I'm pretty sure the 6505 was all parts minus the leads which were the Soldano, am I right Alex?
er what about that Mesa that showed up in a pic or two?


----------



## pirateparty

Somebody told me after one of my band's shows that we would get to play a show with you guys!

whoever told me that was an asshole


----------



## matttttYCE

I'm a big fan. Love the music, the new rigs, and the fact that you're giving 8 strings a try! 

Anyways, I know that before you guys got the 5150 IIIs, one of you was using a Soldano Avenger live (and apparently it was used on the first record also if I'm not mistaken). Can you give me/us a compare/contrast of the Avenger/5150 III?

Sorry if it might be a dumb question, but I'd really like to know how they stack up to each other in your opinion. Thanks alot.


----------



## itsallinmyh3ad

That's a killer rig. I hope to try the 5153's sometime, because I'm thinking of selling my Blackmore. Anyway dude, are you using the X3 Live with the 4 cable method, or just in the effects loop?


----------



## FallenMartyr

i saw you dudes at mayhem, i hadnt seen you guys before live. to be honest i was a bit skeptical because it was three seven string guitars...but the sound was pretty freakin clean. 

I own/collect 5150II's since they dont make them anymore. and im one those people its hard for me to break out of something im comfortable with tone wise.
i may just have to try and get 5150III now. 

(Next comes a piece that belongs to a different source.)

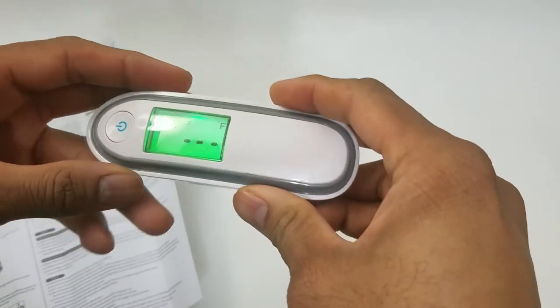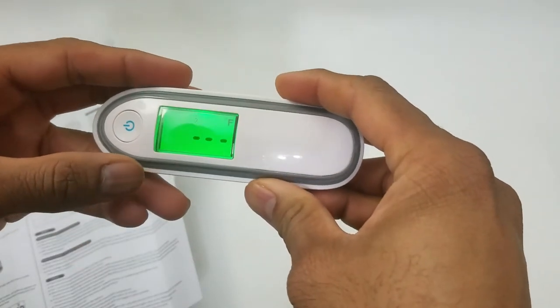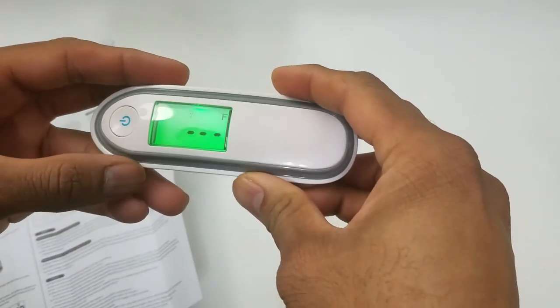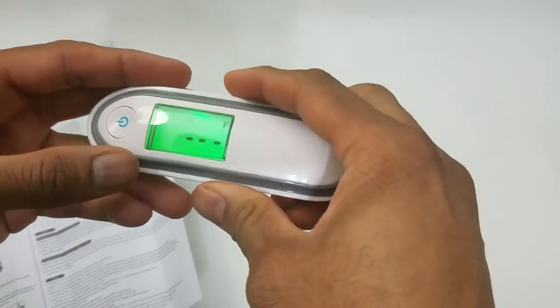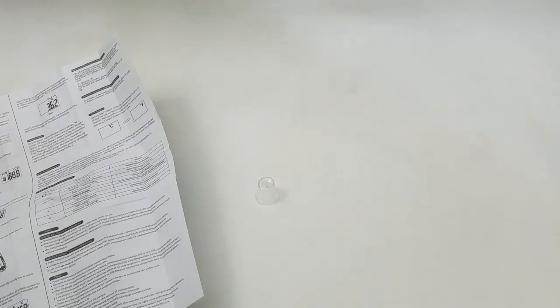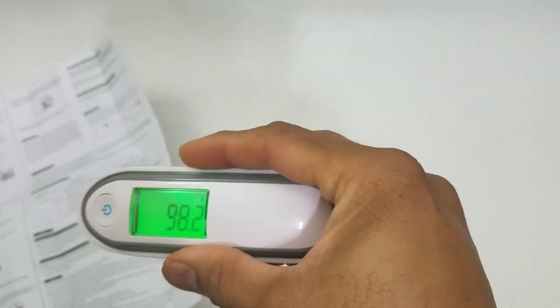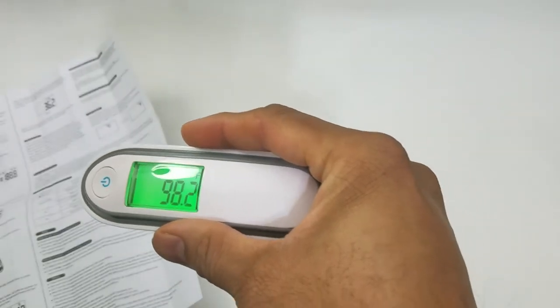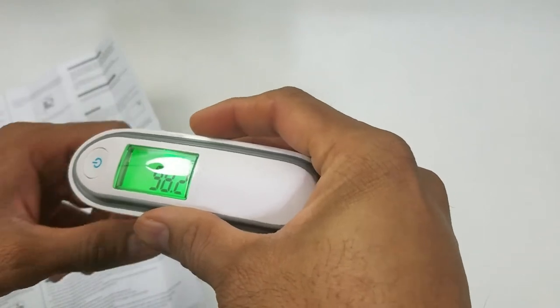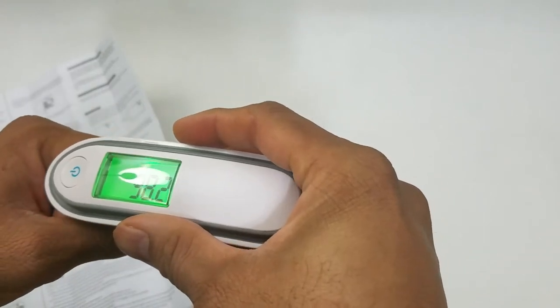Alright, got some fresh batteries in it. As you can see, the low battery indicator is not there. And right on the back, it instantly picks up my temperature.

Are you guys playing the towson,MD date with trivium in october? not all the dates are posted, and im trying to see if you guys are going to be on more dates. id like to see you guys again.


----------



## CrushingAnvil

I don't know If my honesty will be appreciated but I'm not a White Chapel fan (different strokes, as we say around here) - Suffice to say you guys use some nice gear 

Thank you for taking the time to post up your gear, Alex and thanks for joining the forum - your presence really helps us get new members and really puts our name out there.


----------



## Daemon

Wow, alex, you here ? 
Very cool !
huuumm, have you ever tought about ENGL ? x)
A lot of Deathcore band use Peavey, but why not ENGL ?

I support you from France 
Keep rocking and using ESP guitars xP


----------



## DrakkarTyrannis

Got a pretty badass rig man.


----------



## sepherus

Doubt he will ever come back and see these posts, but what the heck...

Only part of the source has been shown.